● Exercise: Output only the lines below from the one holding "Kailon Davis" down to the one holding "Vuzmode Electric Window", both end lines included and every picture dropped.

● Extracted material:
- - - - - - -
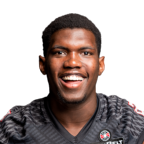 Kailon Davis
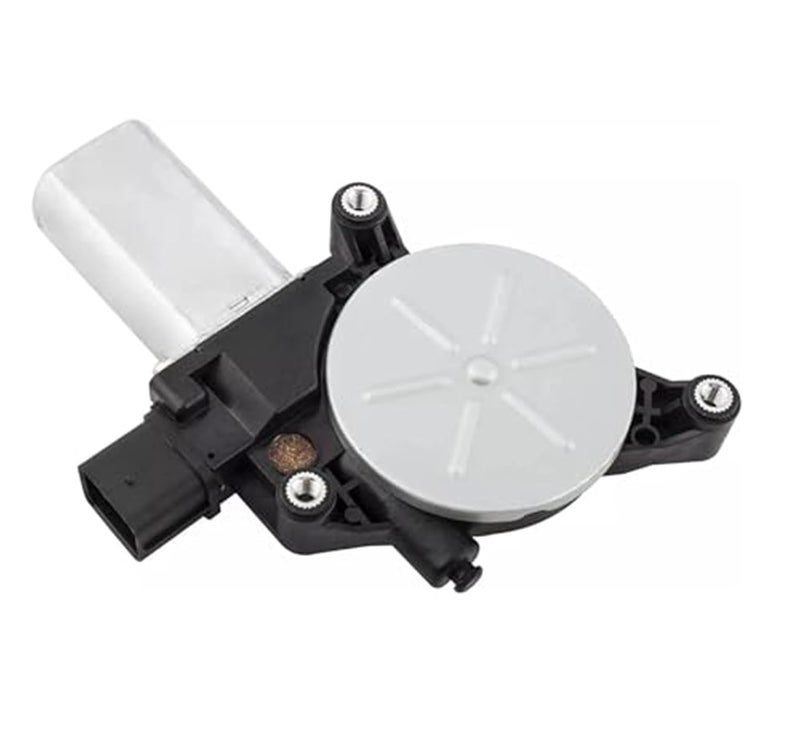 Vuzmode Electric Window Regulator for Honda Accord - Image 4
- - - - - - -
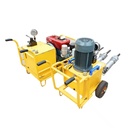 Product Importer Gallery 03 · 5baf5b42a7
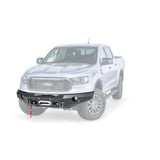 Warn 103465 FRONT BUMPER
- - - - - - -
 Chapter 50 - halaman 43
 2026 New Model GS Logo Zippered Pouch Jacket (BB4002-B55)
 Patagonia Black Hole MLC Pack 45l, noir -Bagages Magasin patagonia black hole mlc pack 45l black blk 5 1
- - - - - - -
● Answer to this exercise:
 Kailon Davis
 Vuzmode Electric Window Regulator for Honda Accord - Image 4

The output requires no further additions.